Earthman’s song Act of Love shouts out, once again, to Gandhi and his struggle against the English empire.  As with singing classic songs, it’s a reasonable move, but a safe one unlikely to invoke much fresh inspiration (at least Lanny is making original music).  Combined with the fact that the climate movement is fond of asking what future generations will think of us, it’s strange that historical figures like Gandhi are evoked more often than the current struggle against the American empire, of which the climate justice movement certainly needs to be a part.  In direct opposition to our objectives, the point of empire is to snatch and secure resources for use.

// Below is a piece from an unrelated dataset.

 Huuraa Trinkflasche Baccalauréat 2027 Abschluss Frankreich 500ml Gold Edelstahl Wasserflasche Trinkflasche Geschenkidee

This goal was openly stated by one of the least hawkish modern presidents in the Carter Doctrine.  There is no other reason to have over 800 bases in 80 countries, and troops or military personnel in 160.   The military is also one of the world’s largest climate criminals, and its technology cannot be reformed.  U.S. fighter jets that use thousands of gallons of jet fuel per hour and around a quarter of the global total will never be made eco-friendly.  

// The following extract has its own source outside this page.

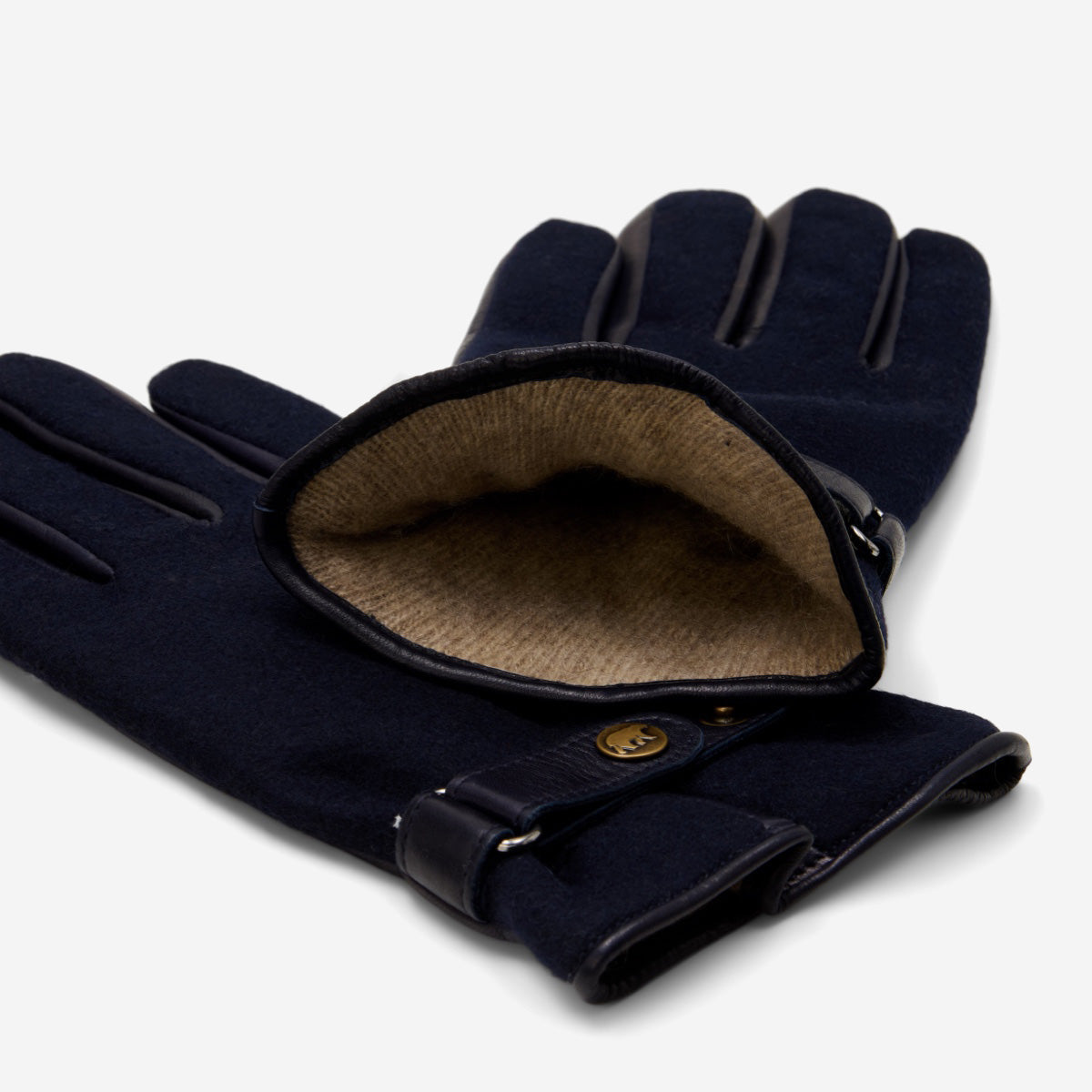 Fabrizio (navy blue) - Tweed men's gloves with touchscreen capability and adjustable snap button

In Guam - a U.S. colony located between Japan and Indonesia - we can see both of these forces at play.  The military is currently planning to build a live firing range that could poison Guam’s main aquifer, harm local endangered species, and disturb historic indigenous sites, not to mention further provoke potential competitors for resources in this region, far away from U.S. national territory.  One speaker today does point out that the vast cost of this military spending could be deployed in the domestic low-carbon economy, reducing the desire for fossil fuel interventions, and this is a good point. But unless we challenge the notion of empire itself, the jets will still be deployed to secure the materials for our solar panels and smart homes.  Inspiration from the past is all well and good, but without making the obvious parallels to similar power structures that must be confronted in the present it rings hollow. And we want to rise up ringing!

To reiterate, I’m not trying to rain on anyone’s parade (though a little rain would have been welcome) and am sure many participants are aware of this information in general.  I am glad to have been involved and happy that it happened -- I would not have considered compiling these thoughts had the event not sparked them, and I hope that they will be issues worth considering as the movement, you know, moves forward and plans new actions.  In defense also of the organisers and participants, it is, again, hard to act or even think on a particularly deep level when your brain is being fried like an egg inside your skull.  The relaxed delivery of the music of Earthman Lanny transitions into a short meditation event to close things out here in Williams Park, extremely welcome after a physical sun beating.  Rise up and go outside while you still can.